Lots of good stuff. Thank you all for your inputs.
A couple of you asked for samples. There’s nothing unusual about the texts that will be used. I plan to test with texts from wikipedia by introducing misspellings, deletions, additions and changes in punctuation. Of course that continues to beg the question, how much can you alter a sentence before it becomes something else? Maybe I should be asking a different kind of monk about that. :)
Nevertheless I’ve included some texts below just to give a broad sense of what I expect to see. These are all from: https://en.wikipedia.org/wiki/Human_rights.
There’s flexibility on the question of how far into the text the algorithm has to be able to make a determination. Probably sentence by sentence as a first approximation.

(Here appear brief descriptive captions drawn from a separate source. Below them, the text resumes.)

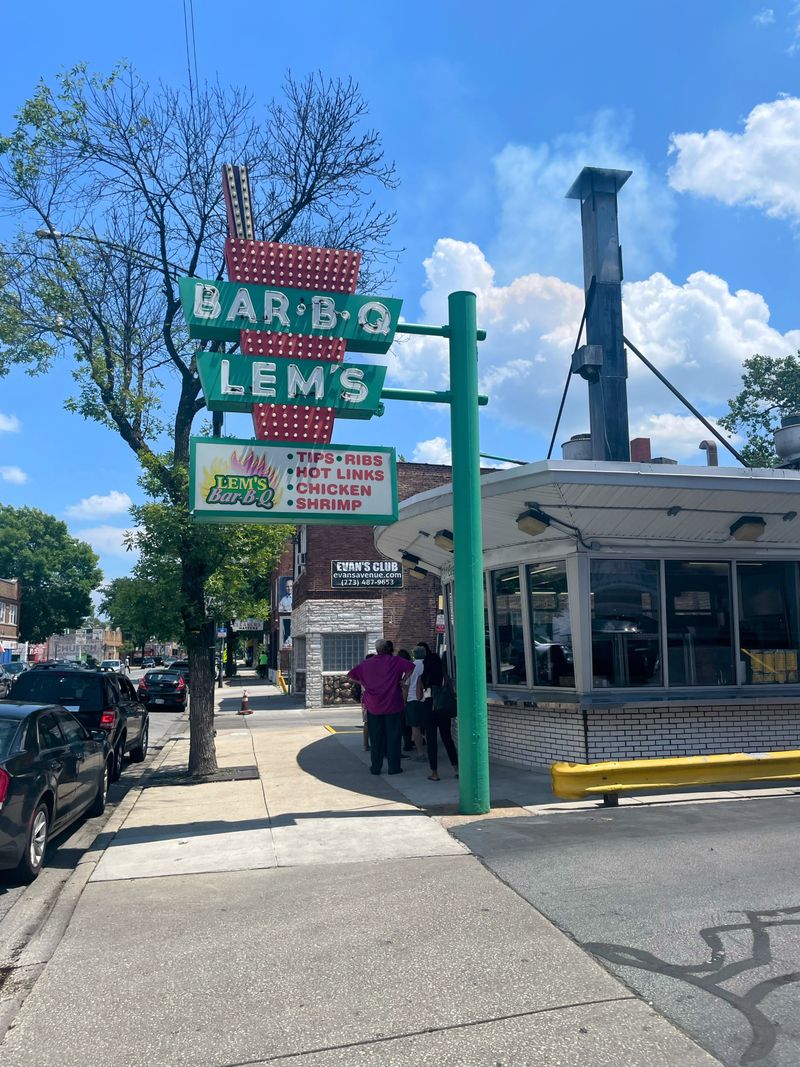 Know Before You Go: Hours, Lines, And Neighborhood Essentials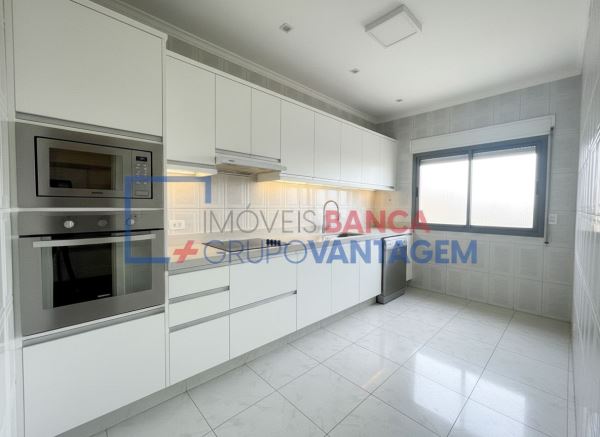 Apartamento T2 Brandoa Com Garagem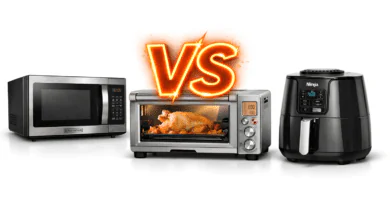 Comparativa visual: microondas, horno de encimera con convección y freidora de aire frente a frente en cocina moderna, portada del artículo sobre qué gasta menos.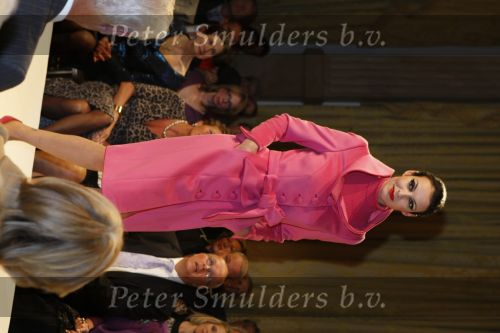 Amsterdam 14 september 2009
Modeshow Frans Molenaar in het amstel hotel. irene v d Laar
Peter Smulders bv
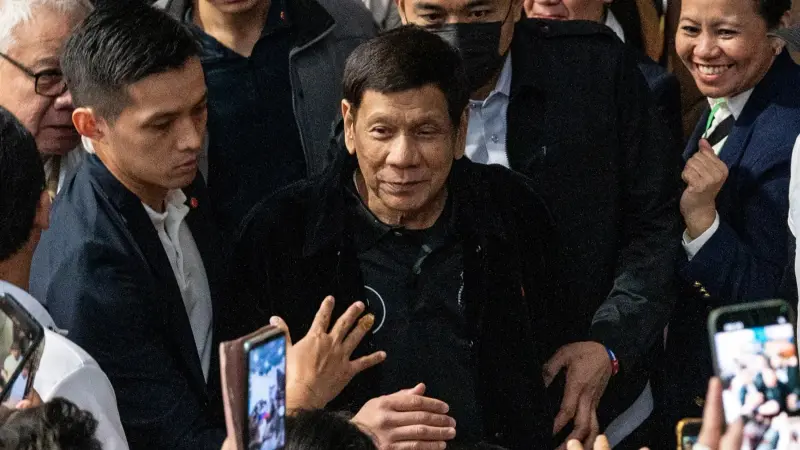 نقل الرئيس الفلبيني السابق دوتيرتي إلى لاهاي لمحاكمته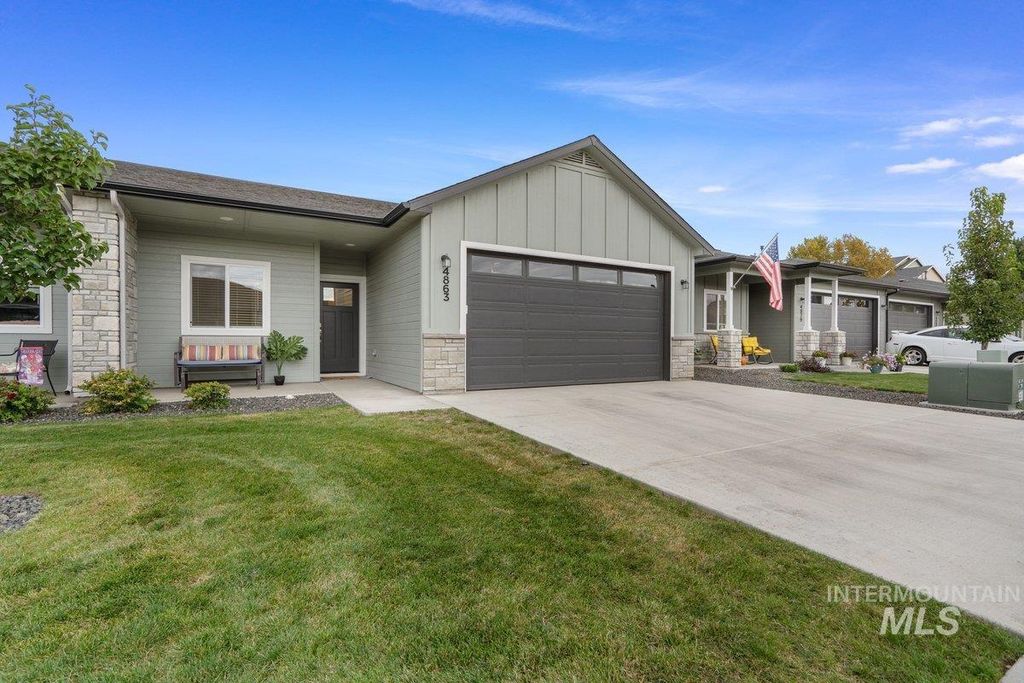 Photo of 4863 N Selway Falls Lane, Meridian, ID 83646 (MLS # 98963513)
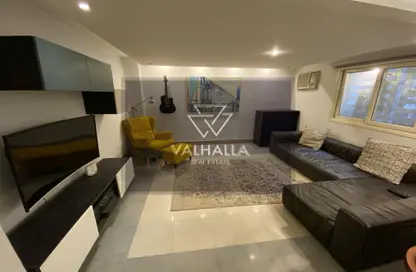 شقة - 2 غرف نوم - 2 حمامات للايجار في شارع محمد مظهر - الزمالك - القاهرة شقة - 2 غرف نوم - 2 حمامات للايجار في شارع محمد مظهر - الزمالك - القاهرة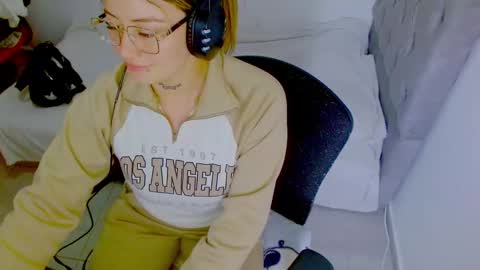  Juliana Torres  online show from 09/16/25, 06:42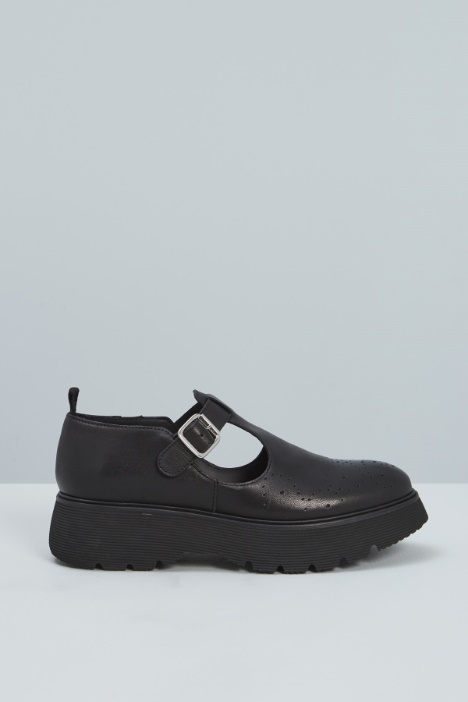 Scarpe con dettagli cut out - Fashion Market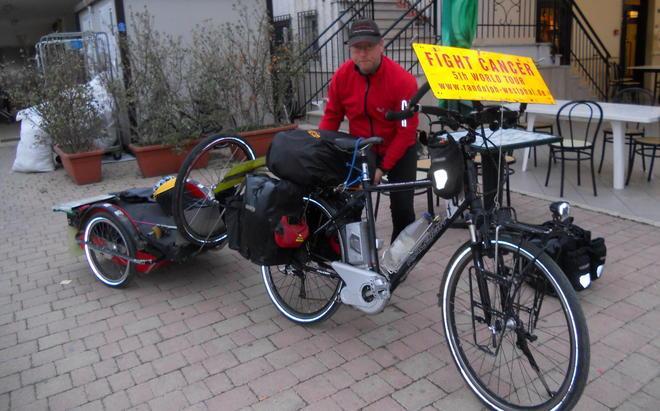 Ecco il tedesco che gira il mondo in bici 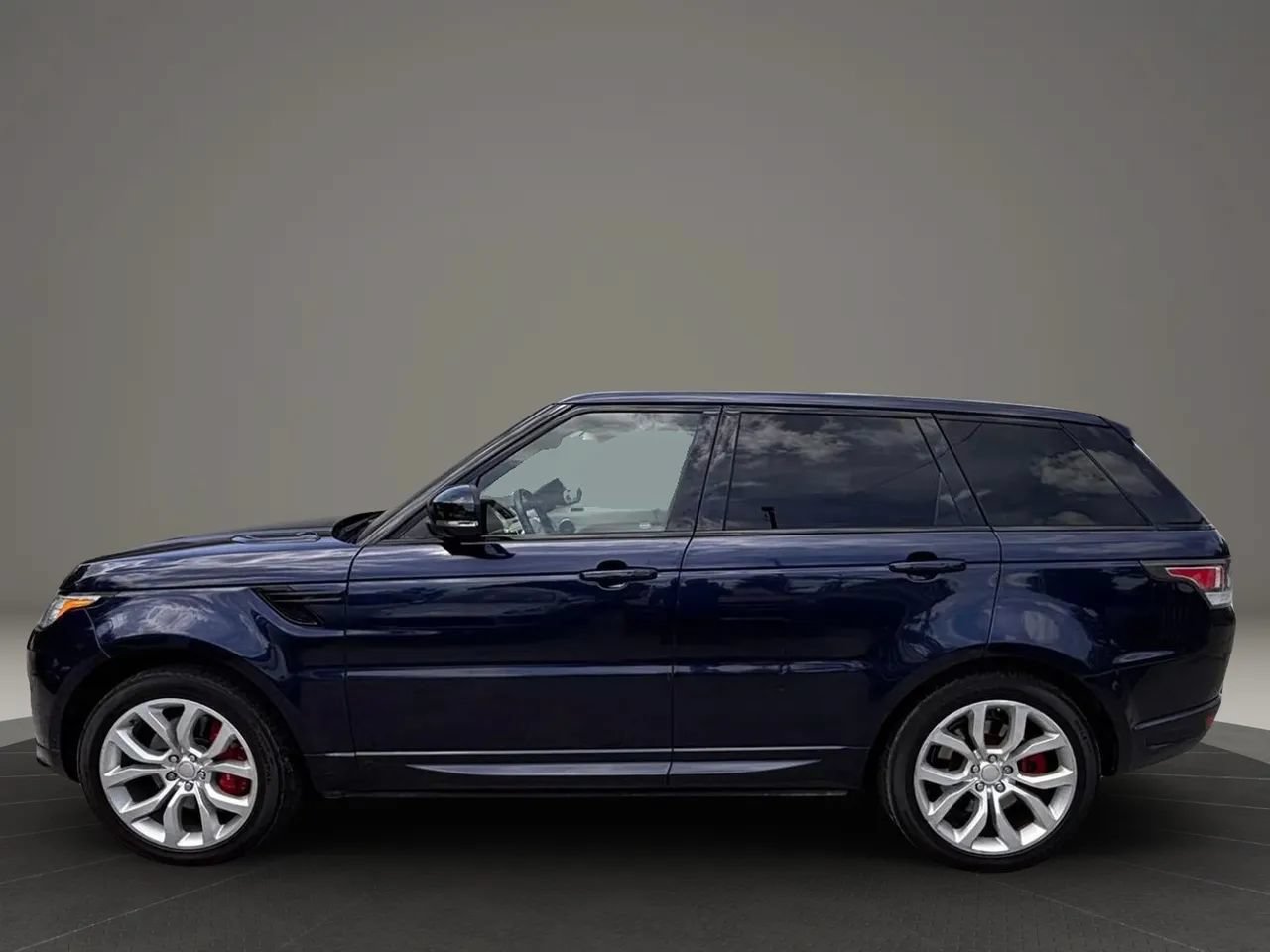Used 2017 Land Rover Range Rover Sport Autobiography AWD/4WD image 2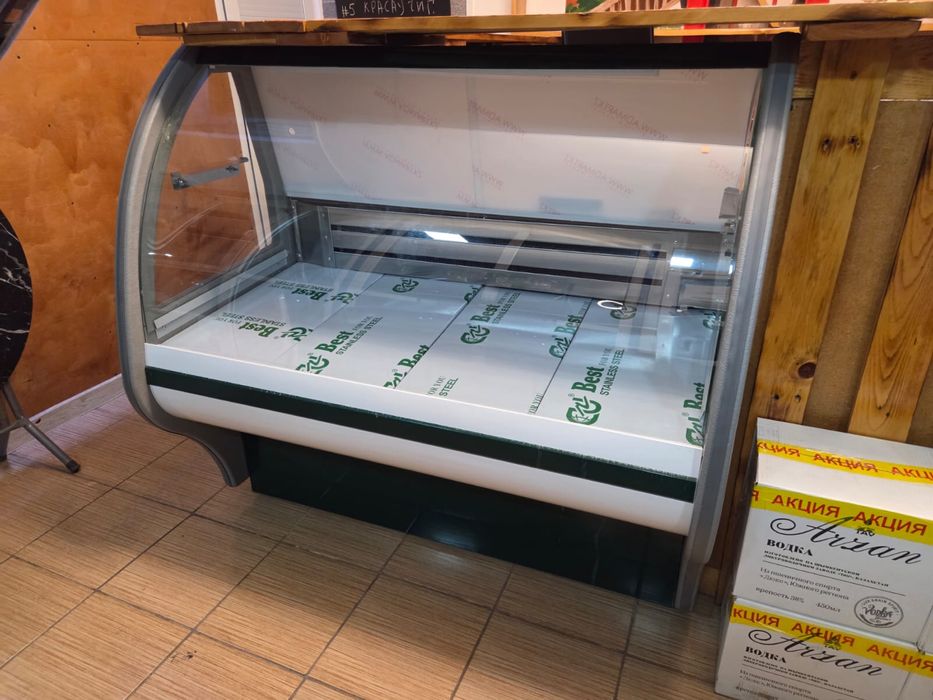 Холодильник витринный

Certainly Levenshtein distance looks worthy of study and String::Approx looks very interesting as well, along with a few more suggestions made in the String::Approx description on cpan. I’ll have to experiment will all of this and see where it gets me. And I have to beg your pardon - it could take a while to be able to comment further on these suggestions.
> And if you want to go hardcore on the problem: “wordnet”
It’s not so far fetched. At least, some effort to do grammatical parsing or look at sentence structure could be helpful. I’ve had good experiences with Lingua/LinkParser and it can be a way to look at the abstraction of the sentence instead of at the sentence itself, though it's probably too much overhead for this application.
|